New report to the Storting on state ownership

The Norwegian Government has today presented the ownership-report to the Storting (white paper) A greener and more active state ownership – The state’s direct ownership of companies. The previous report to the Storting was published in 2019.

In Norway, the state’s direct ownership of companies is substantial and comprises of companies where the state’s ownership is managed directly by a ministry. The state owns 70 companies managed by 12 different ministries. At year-end 2021, the value of the state’s direct ownership was estimated to be NOK 1,179 billion. Of this, the value of companies listed on Oslo Stock Exchange accounted for NOK 844 billion of the total value, corresponding to about one-fifth of the total assets listed on the Oslo Stock Exchange. The state holds shares directly in eight listed companies.

In the new white paper, the Government further develops its policy and strengthen the state’s expectations of the companies. The state will also more actively exercise its ownership role and thus contribute to accelerate the green transition.

An English version of the white paper will be published when the translation is completed.

In the following, some of the key elements of the new white paper are summarised:

Strengthened expectations

The Government further develops and strengthens the state’s expectations of the companies. In particular, this applies to the expectations on climate, nature, risk management, transparency and reporting, working conditions and remuneration of senior executives. By defining clear expectations of the companies through the white paper on ownership policy, the state wishes to be a more active owner to contribute to attaining the state’s goal as an owner.

Climate, nature and ecosystems

The state expects the companies to set targets and implement measures to reduce greenhouse gas emissions in the short and long term in line with the Paris Agreement, and to report on target achievement. When available, the state expects the targets to be science-based.

The Government also introduces new expectations of the companies related to nature and ecosystems. The state expects the companies to set targets and implement measures to reduce the negative impact, and to increase the positive impact, on nature and ecosystems, and to report on target achievement.

Remuneration of senior executives

The state expects that the remuneration of senior executives is competitive, but not market-leading, and is set with due regard to the principle of moderation. Furthermore, the state expects that the companies will disclose an explanation if salary adjustments for senior executives exceeds the adjustments for the company’s employees.

The Government’s view is that fixed salary shall be the primary component of a remuneration scheme. The expectation of a maximum achievable bonus for companies where the state’s goal is the highest possible return over time in a sustainable manner (category 1) will therefore be reduced from 50 to 25 per cent of fixed salary in The State's Guidelines for the Remuneration of Senior Executives in Companies with State Ownership.

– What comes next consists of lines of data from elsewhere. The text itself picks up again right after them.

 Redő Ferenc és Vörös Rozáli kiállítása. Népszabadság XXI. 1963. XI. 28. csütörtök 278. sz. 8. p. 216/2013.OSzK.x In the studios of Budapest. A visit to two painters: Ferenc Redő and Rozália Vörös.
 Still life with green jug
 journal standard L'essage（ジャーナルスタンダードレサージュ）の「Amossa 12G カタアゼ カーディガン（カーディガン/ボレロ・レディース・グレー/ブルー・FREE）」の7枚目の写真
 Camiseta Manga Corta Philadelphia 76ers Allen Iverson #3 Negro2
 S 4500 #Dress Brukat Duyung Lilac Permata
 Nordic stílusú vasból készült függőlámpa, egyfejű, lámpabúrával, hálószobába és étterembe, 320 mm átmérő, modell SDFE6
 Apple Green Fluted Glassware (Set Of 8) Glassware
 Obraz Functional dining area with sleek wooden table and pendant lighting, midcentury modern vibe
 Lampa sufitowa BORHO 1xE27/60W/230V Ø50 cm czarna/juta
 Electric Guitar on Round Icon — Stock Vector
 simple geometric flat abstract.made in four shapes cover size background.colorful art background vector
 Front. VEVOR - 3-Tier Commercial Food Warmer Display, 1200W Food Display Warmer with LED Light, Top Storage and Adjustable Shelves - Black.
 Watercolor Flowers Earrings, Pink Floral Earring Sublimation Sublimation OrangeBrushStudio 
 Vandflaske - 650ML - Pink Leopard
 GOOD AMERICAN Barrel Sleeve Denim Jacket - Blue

For companies where the state seeks sustainable and the most efficient possible attainment of public policy goals (category 2) it can be particularly demanding to find good criteria that reflect the company's goals and strategies. Therefore, the state will implement an expectation in The State's Guidelines for the Remuneration of Senior Executives in Companies with State Ownership that companies in category 2 do not use separate bonus schemes for senior executives.  

The framework continues to apply

The Government will pursue a responsible ownership-policy based on the key elements of the framework for the state’s exercise of ownership, of which there has been broad political consensus since the early 2000s. This has provided predictability for the companies and the capital market, thereby enabling the companies to develop and create value.

The state’s exercise of ownership is based on the division of roles and responsibilities between the owner, the board of directors and the general manager as set out in company law, and on generally recognised principles and standards for corporate governance.

In line with good and responsible private owners the state will actively exercise its ownership-role within the framework.

Facts – The Norwegian state as an owner

  • Since 2002, a report to the Storting (white paper) on the state’s overall direct ownership has been presented in each parliamentary session.
  • The report to the Storting sets out the Government’s policy for why the state is an owner, what the state owns and how the state exercises its ownership. 
  • The state is a substantial owner in Norway, with direct ownership interests in 70 companies. 21 companies primarily operate in competition with others, and the state’s goal as an owner of these companies is the highest possible return over time in a sustainable manner. In 46 companies, the state has various public policy goals.
  • The companies are placed in two categories:
    • Category 1 comprises the companies where the state’s goal is the highest possible return over time in a sustainable manner.
    • Category 2 comprises the companies for which the state’s goal is sustainable and the most efficient possible attainment of public policy goals.
    • Three companies are not categorised.
  • In the national budget for 2022, the Government has asked the Storting to authorise a full or partial sale of Akastor ASA and Aker Solutions ASA.